Exercise:
Word for word, retype the lines from the one containing "Hugo Boss Women's White Analog Quartz Watch" to the one containing "Take My Money" below, keeping both end lines and dropping the pictures.

Stored data:
————
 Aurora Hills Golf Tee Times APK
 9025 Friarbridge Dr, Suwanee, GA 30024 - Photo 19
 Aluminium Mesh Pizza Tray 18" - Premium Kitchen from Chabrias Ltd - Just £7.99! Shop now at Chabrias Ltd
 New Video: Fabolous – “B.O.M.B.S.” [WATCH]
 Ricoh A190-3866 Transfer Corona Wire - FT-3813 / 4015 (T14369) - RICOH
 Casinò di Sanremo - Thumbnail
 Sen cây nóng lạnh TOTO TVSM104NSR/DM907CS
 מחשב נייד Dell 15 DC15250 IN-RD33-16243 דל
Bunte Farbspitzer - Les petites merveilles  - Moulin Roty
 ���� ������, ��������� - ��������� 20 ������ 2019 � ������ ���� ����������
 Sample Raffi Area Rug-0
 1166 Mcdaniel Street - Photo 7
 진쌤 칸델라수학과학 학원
————
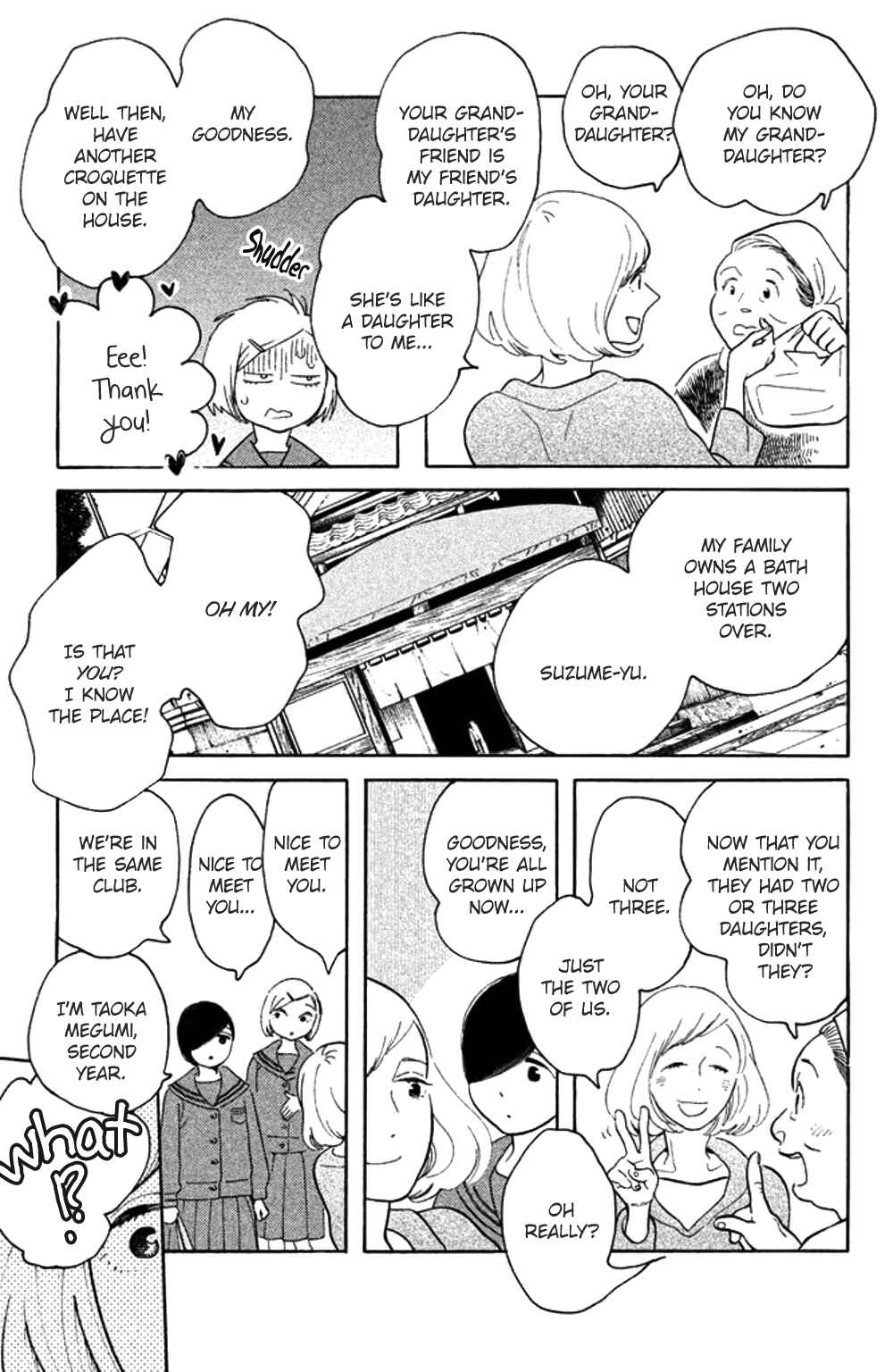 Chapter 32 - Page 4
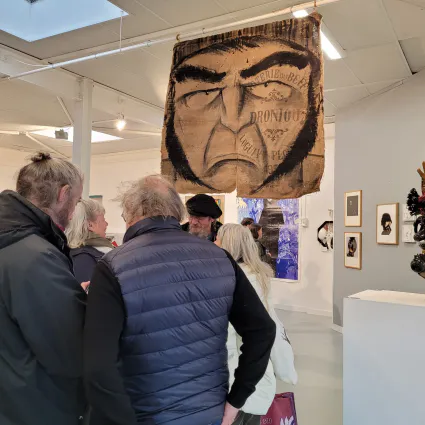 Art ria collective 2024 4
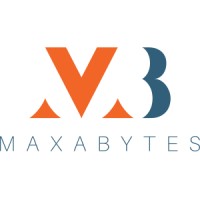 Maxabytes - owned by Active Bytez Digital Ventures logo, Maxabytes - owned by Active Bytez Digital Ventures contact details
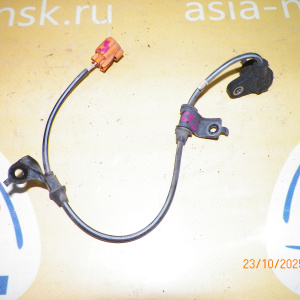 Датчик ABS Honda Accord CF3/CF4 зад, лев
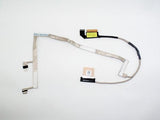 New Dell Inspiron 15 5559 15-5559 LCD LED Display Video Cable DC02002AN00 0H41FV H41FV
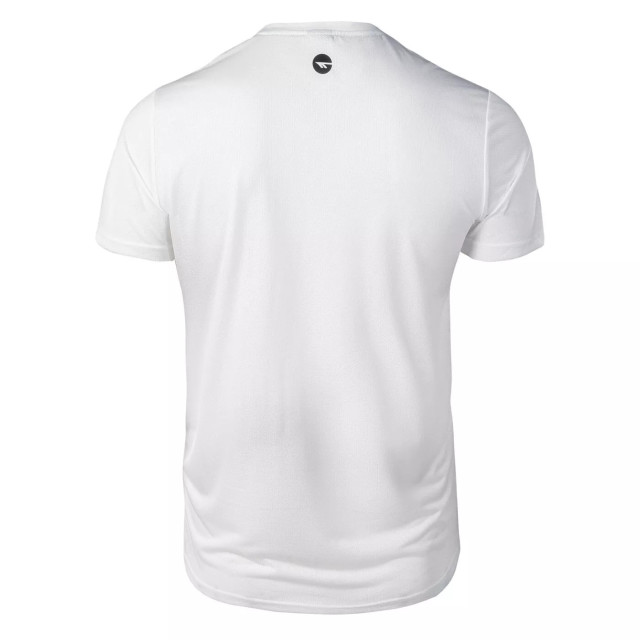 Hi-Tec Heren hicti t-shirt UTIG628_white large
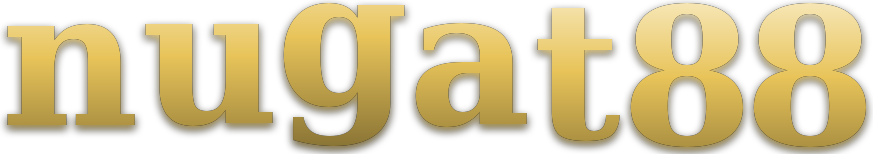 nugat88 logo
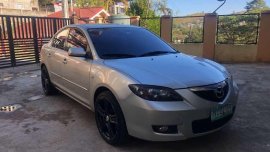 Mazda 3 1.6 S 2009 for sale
————
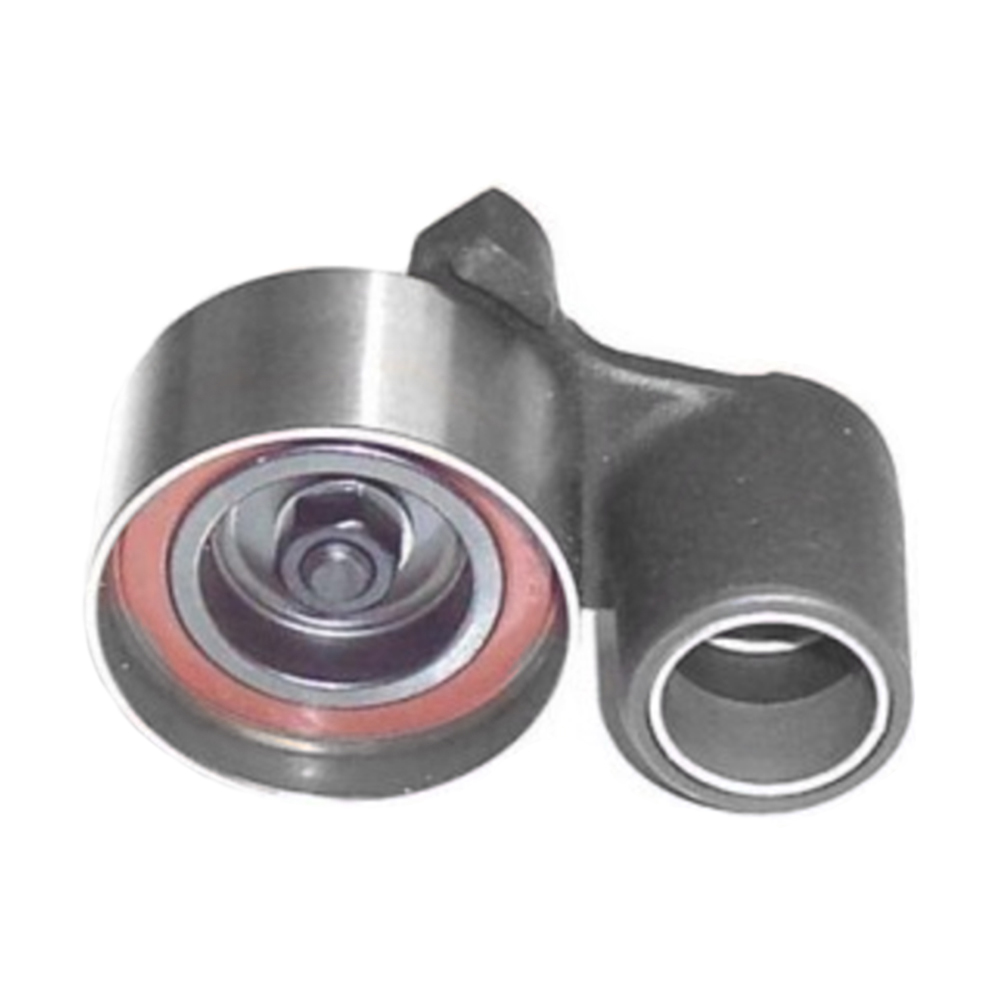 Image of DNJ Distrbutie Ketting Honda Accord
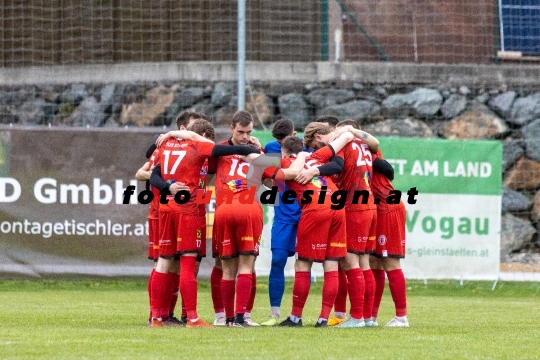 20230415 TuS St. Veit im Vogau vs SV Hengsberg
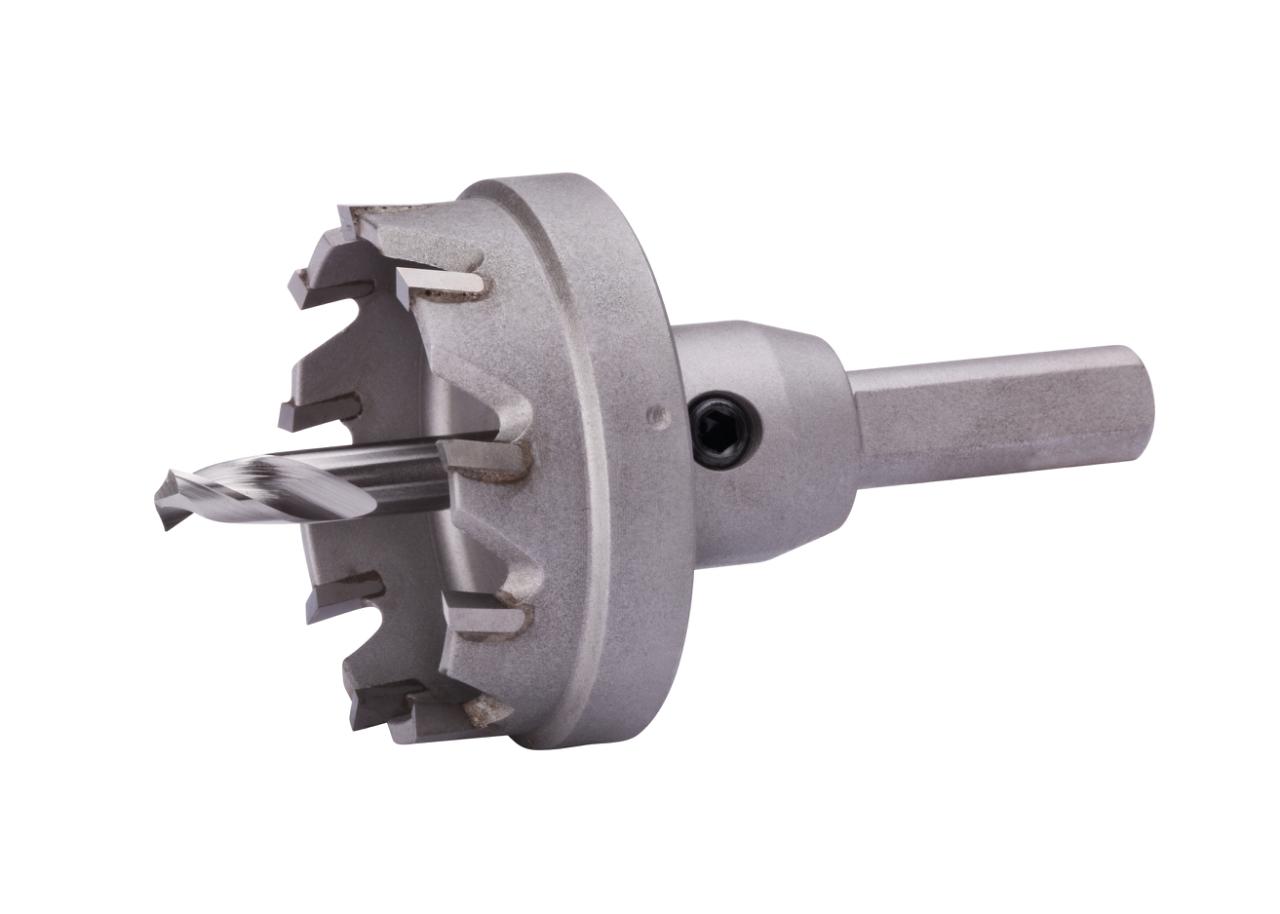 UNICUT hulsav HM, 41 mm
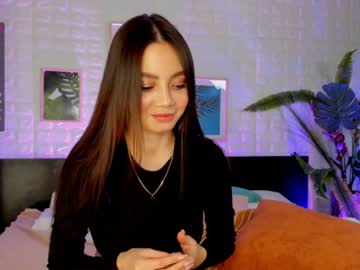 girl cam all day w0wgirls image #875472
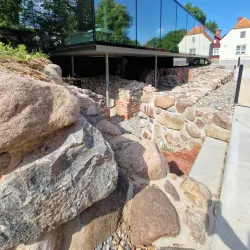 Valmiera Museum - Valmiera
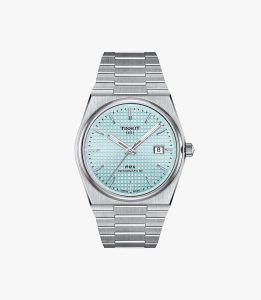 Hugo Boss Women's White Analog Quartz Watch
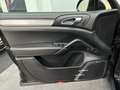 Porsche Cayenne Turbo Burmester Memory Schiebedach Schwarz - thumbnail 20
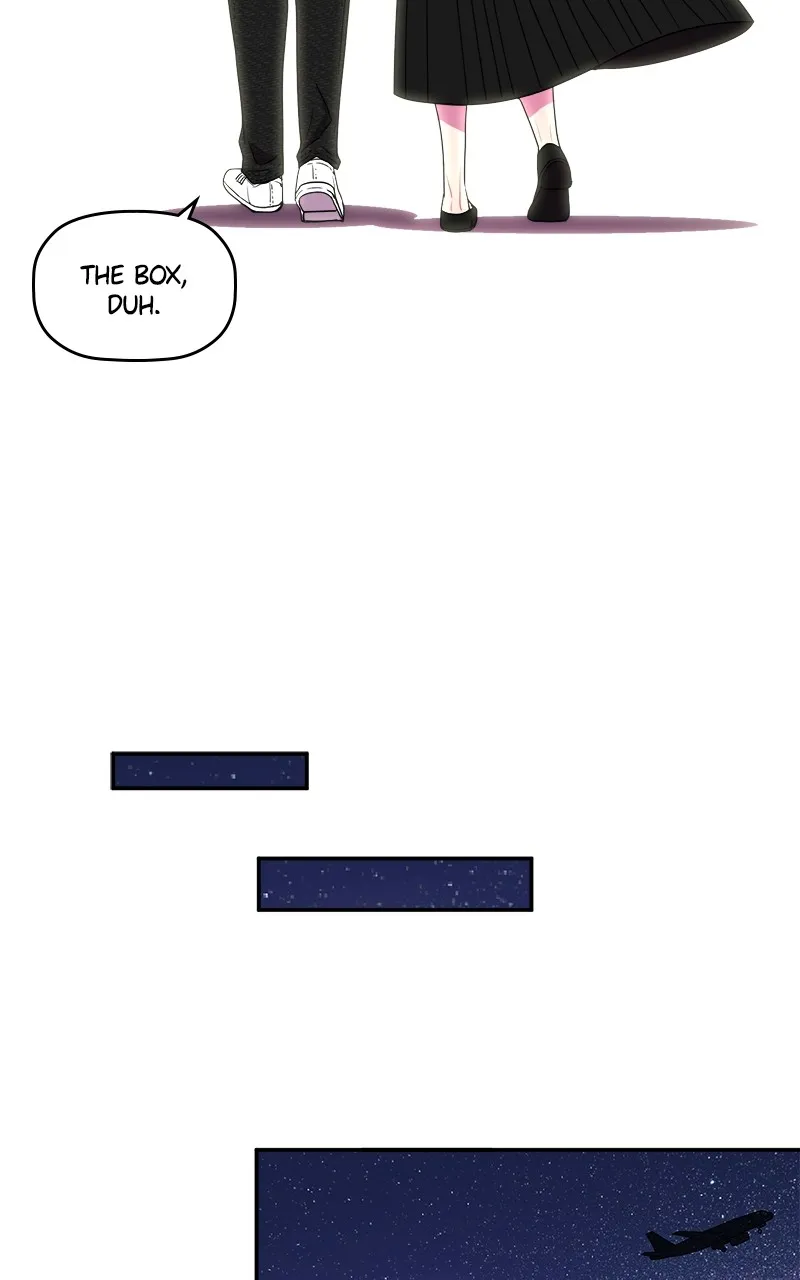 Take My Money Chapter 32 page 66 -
————
Answer space:
 Hugo Boss Women's White Analog Quartz Watch
 Porsche Cayenne Turbo Burmester Memory Schiebedach Schwarz - thumbnail 20
 Take My Money Chapter 32 page 66 -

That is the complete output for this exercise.